Как пользователи знаков и люди культуры,
мы неосознанно вовлечены в
Но как только
перевод становится предметом размышления,
сложности только нарастают. Ибо, даже
оставаясь на лингвистическом уровне,
приходится признать, что перевод – не
только то, что пересекает внешние границы,
но и то, что исследует и создает такие
границы в рамках, казалось бы, единообразного.
Этот феномен известен под названием внутреннего
перевода – перевода, который ведется
внутри родного языка. И наилучшим примером
такой лингвистической и (а)культурной
деятельности является поэзия, поскольку
издревле она приближалась к самому невыразимому.
Однако в наше время, в свете катастрофических
последствий мировых войн, особенно последней,
поэзия приближается не столько к невыразимому
(несказуемому – а это обратная сторона
того, что высказывается и говорится),
сколько к изувеченному телу самого языка,
точнее – к опыту миллионов жертв, который
не может быть ни переведен, ни даже засвидетельствован.
Такие поэты, как Целан, – это те немногие
из уцелевших, кто нашел способ передать
само это молчание, сделав его идиомой.
Но есть и
другие формы перевода.

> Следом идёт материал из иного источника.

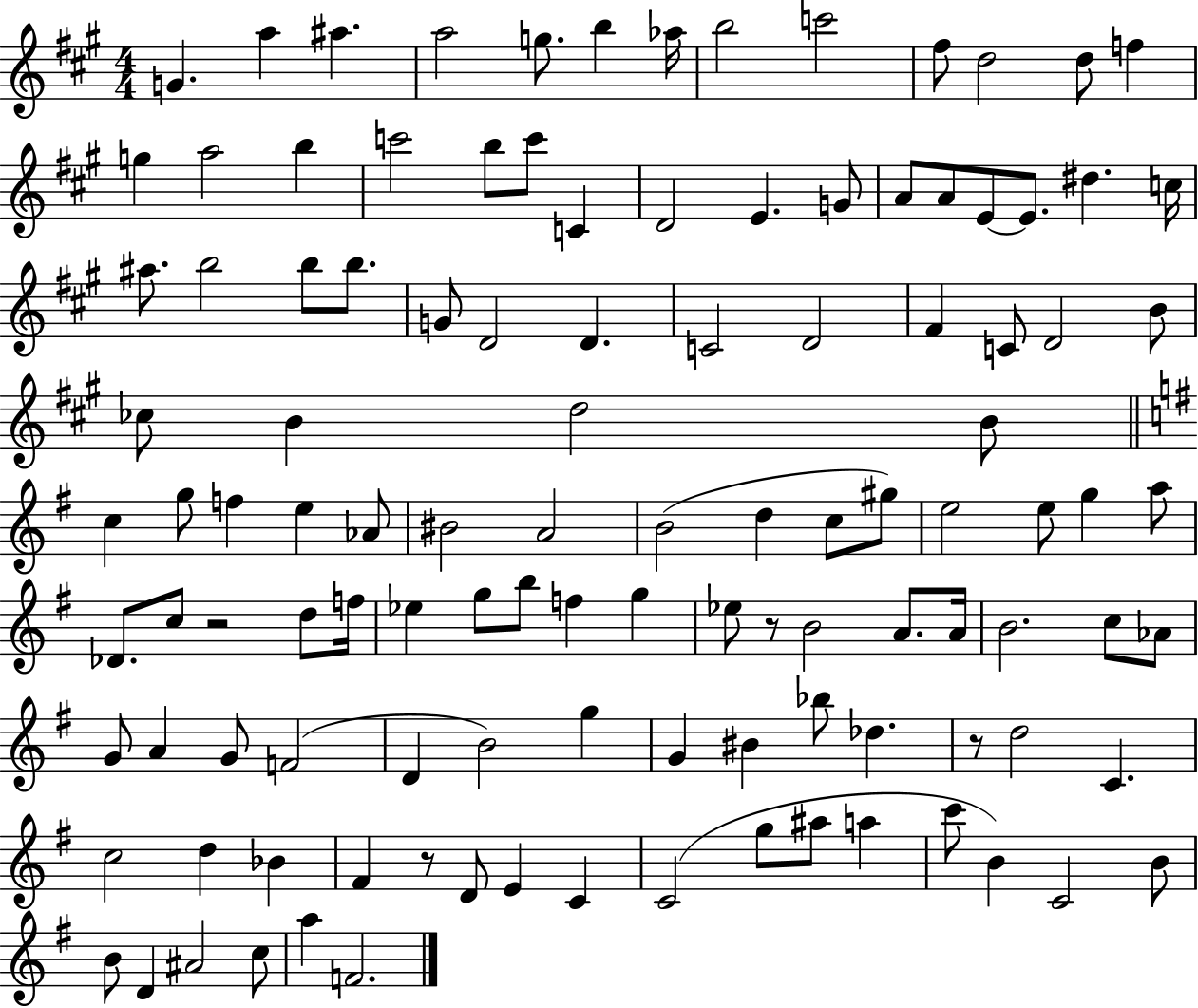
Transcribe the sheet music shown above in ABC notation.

X:1
T:Untitled
M:4/4
L:1/4
K:A
G a ^a a2 g/2 b _a/4 b2 c'2 ^f/2 d2 d/2 f g a2 b c'2 b/2 c'/2 C D2 E G/2 A/2 A/2 E/2 E/2 ^d c/4 ^a/2 b2 b/2 b/2 G/2 D2 D C2 D2 ^F C/2 D2 B/2 _c/2 B d2 B/2 c g/2 f e _A/2 ^B2 A2 B2 d c/2 ^g/2 e2 e/2 g a/2 _D/2 c/2 z2 d/2 f/4 _e g/2 b/2 f g _e/2 z/2 B2 A/2 A/4 B2 c/2 _A/2 G/2 A G/2 F2 D B2 g G ^B _b/2 _d z/2 d2 C c2 d _B ^F z/2 D/2 E C C2 g/2 ^a/2 a c'/2 B C2 B/2 B/2 D ^A2 c/2 a F2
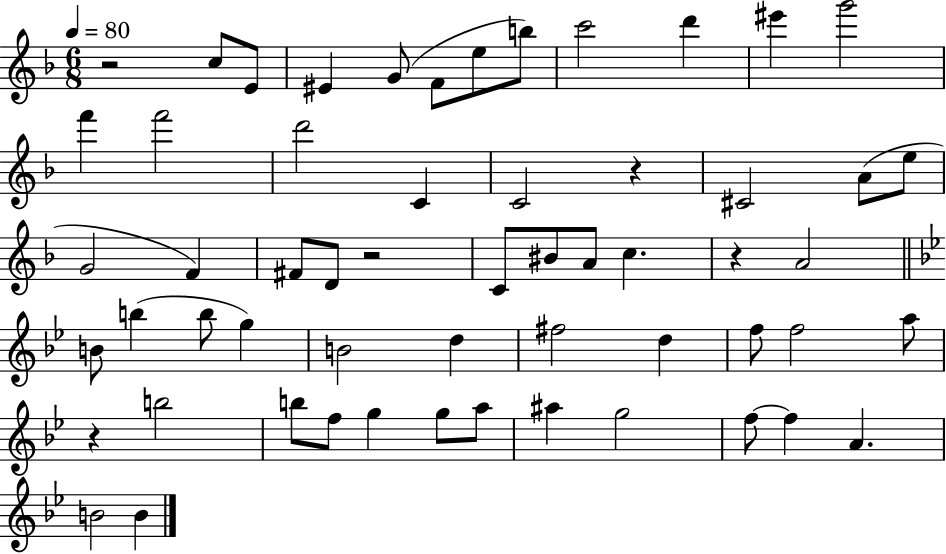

Мы живем в мире,
полном образов, и давно признано, что
эти образы сложились в самостоятельный
язык и даже реальность. Верно и то, что
семиотика не в силах справиться с этими
знаками и их обменом, или, говоря точнее,
есть что-то в образе, что превосходит
его определение посредством знака. Уже
такие семиотики, как Ролан Барт и Юлия
Кристева, увидели то, что я назвала бы
непереводимым в образе – ту степень избыточности,
игры или «открытости» (по Барту – «тупости»),
которая раскрывает желание, спонтанно
вызываемое образом. Барт говорит об этом
желании в категориях того, что ему нравится/не
нравится в фотограмме (или фотографии).
Но мне представляется, и к этому я еще
вернусь, что носителем такой эмоции выступает
скорее анонимная общность. Стало быть,
и в образах есть то, что взывает к переводу:
это нечто связано как с коллективностью,
так и с историческим временем.
Но чтобы перевод
вообще состоялся (чтобы он был успешен),
должно быть желание перевода. Именно
желание перевода, поддержанное верой
в высшее единство языка, равно как
и смысла, руководило Гёльдерлином в его
переводах Софокла, этих бесстрашных и
почти неудобочитаемых стихотворных опытах,
граничащих с безумием. Но желание – это
желание другого, будь то невозможная
мечта о подведении разнообразного под
общее понятие или признание, что другой
остается непостижимым, а это бросает
вызов самой коммуникации. То, что выходит
здесь на первый план, – это этика перевода.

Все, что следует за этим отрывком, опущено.